Planning documents spread across a desk

Every founder we meet can quote their payroll to the dollar. Almost none can quote the cost of the work that payroll quietly absorbs — the inbox triage, the CRM hygiene, the follow-ups that slip from Tuesday to Friday to never.

The arithmetic feels safe because it is invisible. An operations hire at market salary looks like a known quantity. But salaries are the smallest line in the true ledger: recruiting time, management overhead, coverage gaps, and — largest of all — the opportunity cost of your senior people doing junior work.

The most expensive person in your company is doing work you could hand to someone excellent for a fifth of the cost.

What an hour really costs

Take a revenue leader earning $240,000. Every hour of her week costs the company roughly $115 — before equity, before the compounding value of what she'd otherwise build. When she spends six hours a week on pipeline admin, the annual bill is thirty-six thousand dollars for work that requires none of her judgment.

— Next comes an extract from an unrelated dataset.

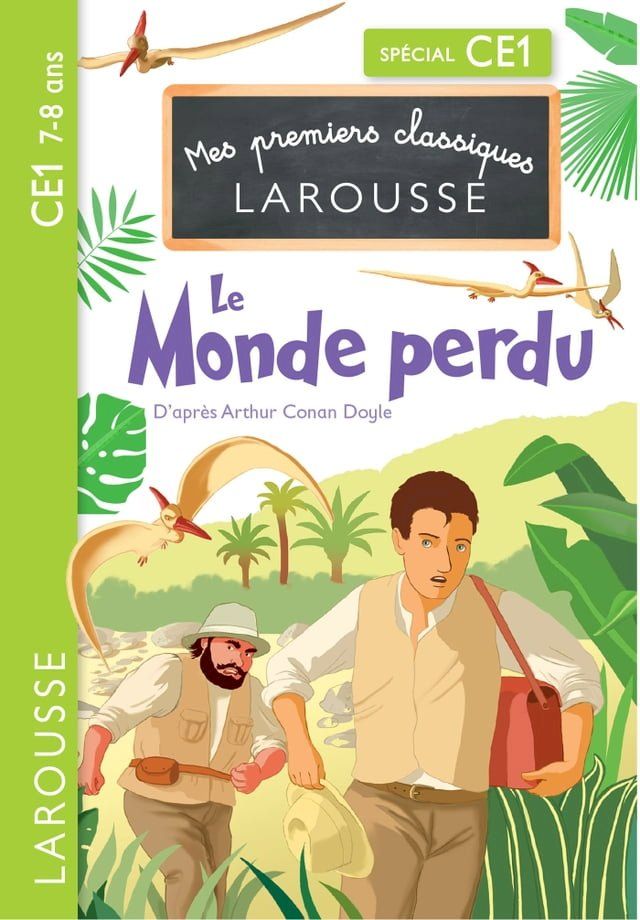  Le Monde perdu d'après Arthur Conan Doyle - CE1(Kobo/電子書)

Multiply across a leadership team and the number stops being a rounding error. It becomes the difference between a company that scales and one that stalls — politely, gradually, in-house.

The founder's test

Here is the test we give every prospective client: list what you did yesterday. Mark each item that genuinely required you. For most executives the honest answer is under half. The rest is operations — essential, unforgiving of error, and entirely delegable to people who treat it as a craft rather than a distraction.